Friday, December 11, 2009

IN MEMORY OF MY FEELINGS



Having a Coke with You

is even more fun than going to San Sebastian, IrĂșn, Hendaye, Biarritz, Bayonne
or being sick to my stomach on the Travesera de Gracia in Barcelona
partly because in your orange shirt you look like a better happier St. Sebastian
partly because of my love for you, partly because of your love for yoghurt
partly because of the fluorescent orange tulips around the birches
partly because of the secrecy our smiles take on before people and statuary
it is hard to believe when I’m with you that there can be anything as still
as solemn as unpleasantly definitive as statuary when right in front of it
in the warm New York 4 o’clock light we are drifting back and forth
between each other like a tree breathing through its spectacles

and the portrait show seems to have no faces in it at all, just paint
you suddenly wonder why in the world anyone ever did them
I look
at you and I would rather look at you than all the portraits in the world
except possibly for the Polish Rider occasionally and anyway it’s in the Frick
which thank heavens you haven’t gone to yet so we can go together the first time
and the fact that you move so beautifully more or less takes care of Futurism
just as at home I never think of the Nude Descending a Staircase or
at a rehearsal a single drawing of Leonardo or Michelangelo that used to wow me
and what good does all the research of the Impressionists do them
when they never got the right person to stand near the tree when the sun sank
or for that matter Marino Marini when he didn’t pick the rider as carefully
as the horse
it seems they were all cheated of some marvellous experience
which is not going to go wasted on me which is why I’m telling you about it

FRANK O'HARA

sometimes it's best to sit back & let the poets just tell you a story. frank o'hara was just the poet to do that & keep you entertained for hours on end. if this poem & his reading of it doesn't bring back memories of things gone by, you're one of the living dead.

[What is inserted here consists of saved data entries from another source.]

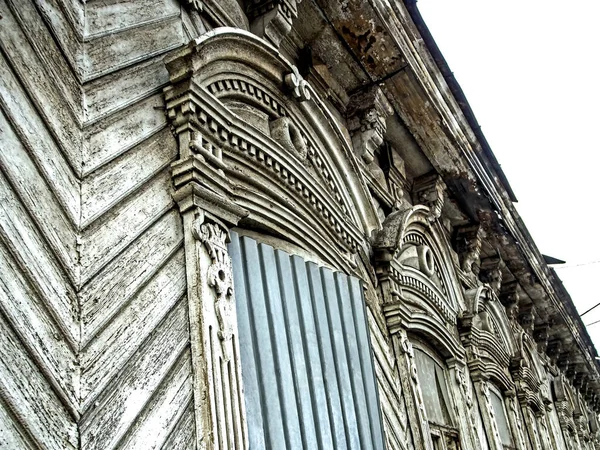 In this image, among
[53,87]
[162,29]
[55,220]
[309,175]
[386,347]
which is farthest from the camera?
[386,347]

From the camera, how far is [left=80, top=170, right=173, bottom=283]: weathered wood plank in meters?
2.10

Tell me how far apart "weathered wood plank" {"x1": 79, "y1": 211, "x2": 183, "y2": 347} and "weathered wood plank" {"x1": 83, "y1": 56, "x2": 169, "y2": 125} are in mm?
443

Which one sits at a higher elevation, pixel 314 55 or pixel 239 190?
pixel 314 55

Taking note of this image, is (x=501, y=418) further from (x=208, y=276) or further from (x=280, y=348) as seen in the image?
(x=208, y=276)

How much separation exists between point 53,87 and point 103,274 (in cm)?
66

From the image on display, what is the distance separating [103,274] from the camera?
2119 mm

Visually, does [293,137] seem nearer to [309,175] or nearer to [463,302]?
[309,175]

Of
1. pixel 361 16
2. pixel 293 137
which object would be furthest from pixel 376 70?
pixel 293 137

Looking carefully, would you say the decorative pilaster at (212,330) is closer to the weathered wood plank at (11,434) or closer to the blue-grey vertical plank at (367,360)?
the weathered wood plank at (11,434)

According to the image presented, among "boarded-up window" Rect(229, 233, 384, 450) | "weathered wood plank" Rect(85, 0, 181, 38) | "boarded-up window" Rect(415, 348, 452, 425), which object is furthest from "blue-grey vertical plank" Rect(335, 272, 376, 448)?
"weathered wood plank" Rect(85, 0, 181, 38)

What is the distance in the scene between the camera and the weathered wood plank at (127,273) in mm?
2025

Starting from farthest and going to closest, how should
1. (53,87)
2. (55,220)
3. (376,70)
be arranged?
(376,70)
(53,87)
(55,220)

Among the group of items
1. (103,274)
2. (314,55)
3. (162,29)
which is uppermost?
(314,55)

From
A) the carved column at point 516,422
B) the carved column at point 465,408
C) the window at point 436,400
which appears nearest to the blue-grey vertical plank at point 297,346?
the window at point 436,400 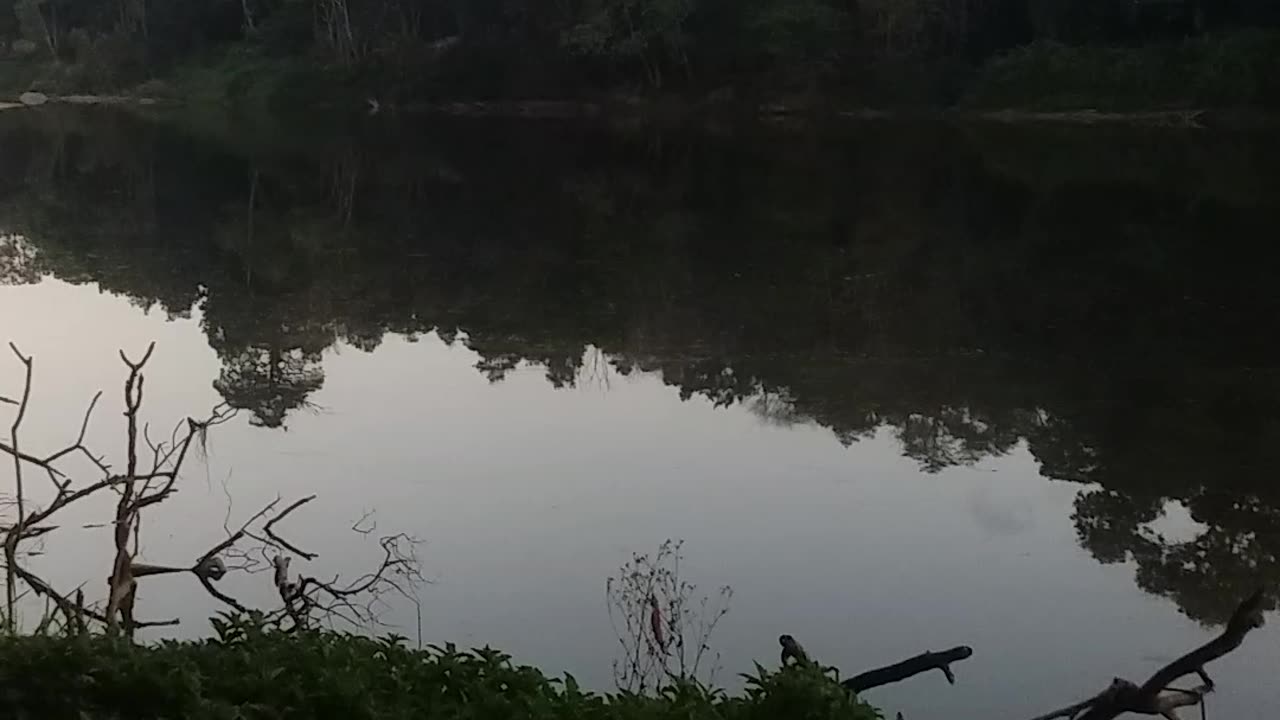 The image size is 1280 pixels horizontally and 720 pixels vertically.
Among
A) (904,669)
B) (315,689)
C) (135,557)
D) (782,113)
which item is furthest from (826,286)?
(782,113)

i read majorie perloff's essay on o'hara back when i was just out of high school(before the essay became her first book in a long string of dead-on amazing books of criticism) &, consequently, stole his just published collected poems from the university of west florida library. to say i was dazzled by his work is a mild understatement. i will say that his work is something i never tried to imitate. it did then & does now feel like something utterly original & rare & inimitable.

kind of like emily dickinson, who also had a story to tell.